Under-carpet heating is another handy option. CarpetHeat by SpeedHeating is a product that goes between the carpet and padding. Using thin wires, the unit heats the room from the ground up. A separate thermostat attached to the wall controls the temperature. Around $600 and up (plus another $200 for a thermostat), these units are not inexpensive but offer an efficient way to heat a room unobtrusively.
Another heating option that's attractive and stylish while also lending a romantic touch is an electric fireplace. The Touchstone Onyx 50-inch fireplace is black and rectangular, making a great visual statement on the wall whether it's glowing or not. The embers look realistic ($349). Many wall-mounted electric units are plug-in ready and come with timers and remote controls, so you can boost the temperature at the touch of a button.

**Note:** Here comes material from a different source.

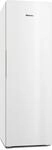 MIELE Gefrierschrank "FNS 4382 D", Energieeffizienz: D, silber (wei&szlig;), B:59,7cm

No room on the wall? Choose from a wide variety of freestanding fireplaces and stoves. Designed to fit with almost any decor, electric fireplaces are available in everything from a traditional stove look to units with mantelpieces and faux stonework. Some generate actual flames using a gel fuel or faux electric flames. Gel fireplaces are a better option for looks than warmth. To banish a chill, an electric fireplace does a better job.
Heat from above
Ceiling fans can be used for both heating and cooling. The Westover fan from Hunter features a heater. By reversing the blade direction, the fan forces warm air down and circulates it around the room. You can also add radiant heating panels on the ceiling of a chilly room. These units are unobtrusive and cost between $200 and $500, depending on size.